Public Procurement of Innovation (PPI) and Its Traceability: How to Accelerate Documentary Audit

Public procurement accounts for around 14% of GDP each year in the European Union. Directing part of that expenditure towards innovative solutions makes it possible to modernise public services and stimulate the business fabric. Public procurement of innovation (PPI) provides public authorities with a framework for acquiring technologies that do not yet exist in the market, driving R&D&I from the demand side.
However, PPI files accumulate complex documentation and, when European funds are involved, audit requirements multiply. The traceability of every decision, document version and milestone certification becomes an operational challenge that traditional systems struggle to resolve. Infrastructures such as blockchain open up a way to transform this process.
What is public procurement of innovation and why is it key for public administration?
Public procurement of innovation (PPI) is an administrative action that allows public sector bodies to acquire innovative goods or services in order to meet needs that the solutions available on the market do not cover. This instrument turns public procurement into a lever for modernisation by encouraging the development of new products and technologies driven by demand from the public sector itself.
The difference from traditional procurement is substantial. In an ordinary procedure, the administration describes what it needs and the market offers what it already has. In PPI, the starting point is an open functional challenge that pushes companies to develop new solutions. The administration stops buying what is available and instead directs innovation towards specific problems of public interest.
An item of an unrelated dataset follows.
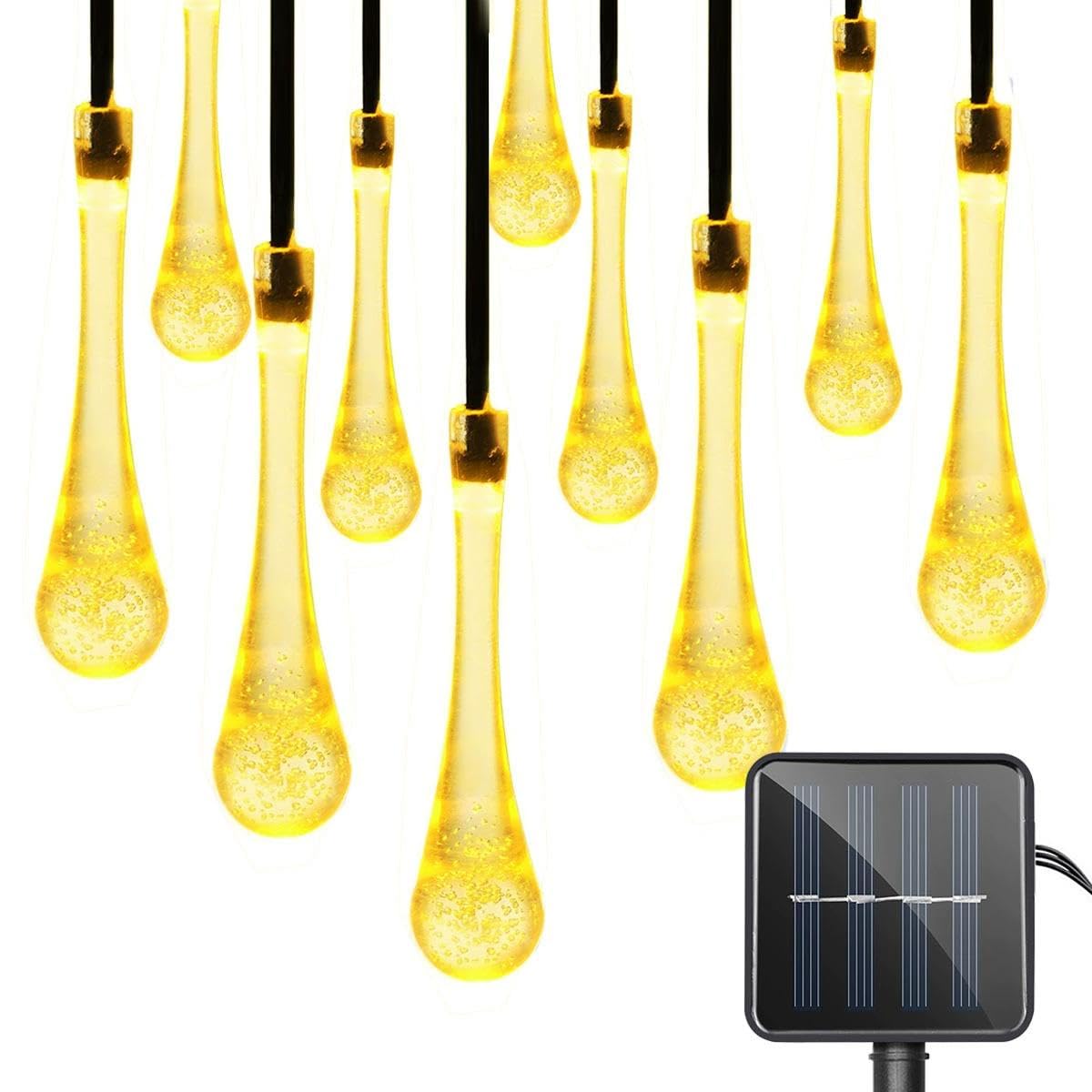 EONSMN Solar String Lights Outdoor Waterproof 19.6 Feet 30LED 8 Functions,Teardrop Water Drop Solar Lights, Garden Terrace Patio Tree Party Christmas Decoration (Warm White)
This approach is supported by regulations and institutions at several levels. The European Commission considers PPI one of the pillars of its strategy for smart and sustainable growth. In Spain, Law 14/2011 on Science, reformed in 2022, establishes that ministerial departments must approve innovative public procurement plans, aligning public demand with private technological supply. The objective is to improve public services and infrastructures, stimulate innovative companies and generate savings throughout the life cycle of the solutions acquired.
Types of innovative public procurement and their differences
PPI is structured around three main modalities, distinguished by the level of technological maturity they cover and the legal framework governing them. Each responds to a different public need scenario and determines how risks are shared between the administration and participating companies.
The Map of Public Procurement of Innovation in Spain, prepared by the Ministry of Science and Innovation, and the PPI Guide 2.0 consolidate these three categories as the reference point for administrations and economic operators.
Pre-commercial procurement (PCP)
Pre-commercial procurement (PCP) allows the administration to contract R&D services while sharing risks and benefits with companies, without reserving the results exclusively to itself. It covers low and medium technology readiness levels, from the idea stage to the prototype validated in a real environment.
PCP is excluded from Law 9/2017 on Public Sector Contracts (LCSP), although it remains subject to the principles of publicity, competition and transparency. Its regime is based on the Science Law and State aid rules. The procedure is structured in competitive phases with a progressive reduction in participants according to the results obtained at each stage.
The Centre for the Development of Industrial Technology (CDTI) has promoted several PCP tenders in areas such as surface water quality monitoring and infrastructure inspection, co-financed with funds from the European Regional Development Fund (ERDF) through the Innovation from Demand Promotion Line (FID Line).
Procurement of innovative technology (PIT)
Procurement of innovative technology (PIT) consists of acquiring a good or service that does not exist at the time of purchase but can be developed within a reasonable period. The administration acts as the first reference customer, facilitating the commercial scaling of the solution and its possible internationalisation.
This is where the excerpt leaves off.